New York City scales back affordable housing projects.

New York City’s “City of Yes” project, which aims to provide a large amount of affordable housing by relaxing zoning regulations, passed a New York City Council subcommittee on the 21st with reduced content than originally planned.

The New York City Council’s Zoning and Franchising Committee and Land Use Committee voted today to reduce the project’s original goal of providing 108,000 affordable housing units over the next 15 years by 26%, to 80,000 units.

By excluding areas targeted for the supply of basements, attics, converted garage accessory dwelling units (ADUs), or so-called “backyard homes,” flood-prone areas, landmark areas, and the outskirts of the city such as Queens and Brooklyn, concerns of residents of Bayside, Queens who had opposed the implementation of the “City of Yes” have disappeared.

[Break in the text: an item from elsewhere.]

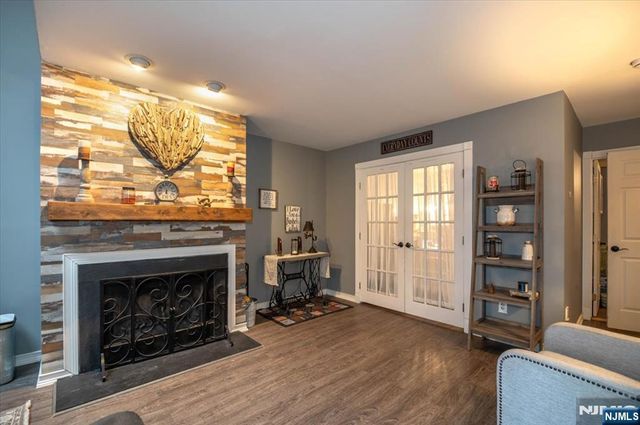 51 Beacon Hill Road E, West Milford, NJ 07480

Last September, Bayside residents and politicians rallied at the LIRR Bayside station, demanding the plan be scrapped, arguing that “if the City of Yes is implemented, Bayside population density will double, creating severe parking problems and devastating impacts to residents’ lives.”

The City of Yes project would have allowed commercial buildings built before 1965 to be converted to residential use, or existing residential buildings to be converted into multi-family housing through additions.

Accordingly, in the target area, multi-family housing or apartment buildings of three to five stories in height would be built on street corners near major transit facilities (such as the LIRR train station), and 800-square-foot ADUs would be built in the backyards of houses, raising strong concerns about a decline in quality of life due to parking problems and other factors caused by the population increase.

Mayor Eric Adams said on the day, “This is a historic moment, as New York City can begin to supply affordable housing in certain areas that have not been touched since the 1960s,” and “If 80,000 affordable housing units are supplied over the next 15 years, it will surpass the total number of affordable housing units supplied through zoning adjustments by the Bloomberg and de Blasio administrations.”

Mayor Adams expected that the implementation of the “City of Yes” project would be able to curb the rising rents in New York City. Meanwhile, the “City of Yes” project, which was passed with amendments on the day, will be put to a vote at the City Council plenary session on the 5th of next month.